Dunk terseret dari tempat itu, dibawa kembali oleh Joong menjauh. Dunk masih memperhatikan bagaimana warna-arna indah burung kecil itu memudar sampai menghilang. Joong membawanya kembali ke tempatnya bangun.
"Pakai sepatumu, sepertinya sahabat tersayangmu sudah memanggil-manggil namamu!" Joong melepaskan tangan Dunk lalu berjongkok untuk memakaikan sepatunya.
"Kamu pergi ke mana tadi?" tanya Dunk.
Dia merasa sedikit tersipu dengan perlakuan Joong yang sangat dominan, tapi di sisi lain, dia teringat bahwa dia pergi untuk mencari cowok itu.
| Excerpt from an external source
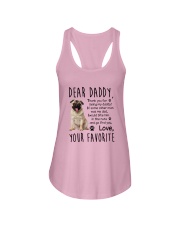 Pug Dear Daddy 1801 Ladies Flowy Tank thumbnail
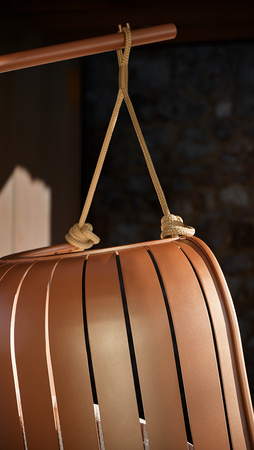 Gandiablasco Arena Swing Armchair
Joong mendongak dan menatap Dunk dengan lembut, "Memastikan kamu aman!"
Dunk ingin bertanya lebih jauh, tapi batal karena sayup-sayup dia mendengar suara Pond berteriak memanggil namanya.
"Dunk!!"
"Ooiii Joooongggg!!!"
"Duuuunkkkkk, kamu di mana? Kamu ada tugas kelompok minggu depan oiiiii!!" Suara Pond terdengar semakin jelas.
"Pond sialan, jangan sampai aku menarik tiga helai rambutnya!" Dunk mengeram mendengar apa yang Pond teriakkan.